Consider the functions f(x) = 2x - x^2 and g(x) = x^2 - 2x. The curves C1 and C2 are defined by the equations y = f(x) and y = g(x), respectively.

a) Find the x-coordinate(s) at which the curves C1 and C2 intersect.

b) Find the area of the region bounded by the curves C1 and C2 between their points of intersection.

Answer:

a) To find the x-coordinate(s) at which the curves C1 and C2 intersect, we need to set their equations equal to each other:

f(x) = g(x)

2x - x^2 = x^2 - 2x

Rearranging the equation, we get:

2x - x^2 - x^2 + 2x = 0

Combining like terms, we have:

4x - 2x^2 = 0

Factoring out 2x, we get:

2x(2 - x) = 0

Setting each factor equal to zero, we have:

2x = 0 -> x = 0

2 - x = 0 -> x = 2

Therefore, the curves C1 and C2 intersect at x = 0 and x = 2.

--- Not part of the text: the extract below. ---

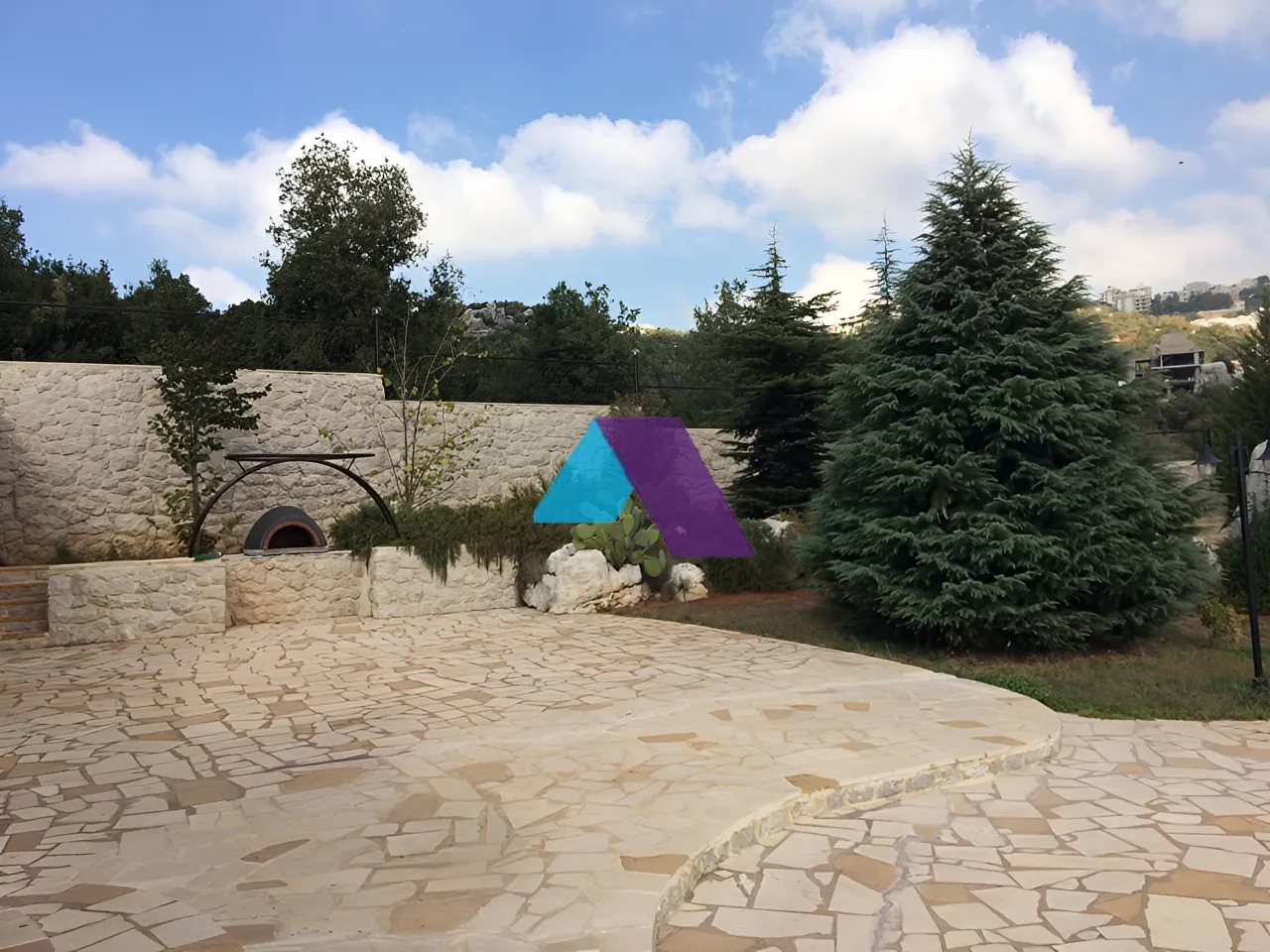 Villa for Sale in Ajaltoun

b) To find the area of the region bounded by the curves C1 and C2 between their points of intersection, we need to integrate the difference between the equations of the curves with respect to x, from x = 0 to x = 2:

Area = ∫[0, 2] (f(x) - g(x)) dx

First, let's find the difference function (f(x) - g(x)):

f(x) - g(x) = (2x - x^2) - (x^2 - 2x)

Simplifying, we get:

f(x) - g(x) = 2x - x^2 - x^2 + 2x

         = 4x - 2x^2

Now, we can integrate this difference function with respect to x:

Area = ∫[0, 2] (4x - 2x^2) dx

Splitting the integral into two separate integrals:

Area = ∫[0, 2] 4x dx - ∫[0, 2] 2x^2 dx

Integrating each term separately:

Area = [2x^2] from 0 to 2 - [2/3 x^3] from 0 to 2

Substituting the upper and lower limits:

Area = (2(2)^2 - 2(0)^2) - (2/3(2)^3 - 2/3(0)^3)

Area = (2(4) - 2(0)) - (2/3(8) - 2/3(0))

Area = 8 - (16/3 - 0)

Area = 8 - 16/3

Area = 24/3 - 16/3

Area = 8/3

Therefore, the area of the region bounded by the curves C1 and C2 between their points of intersection is 8/3 square units.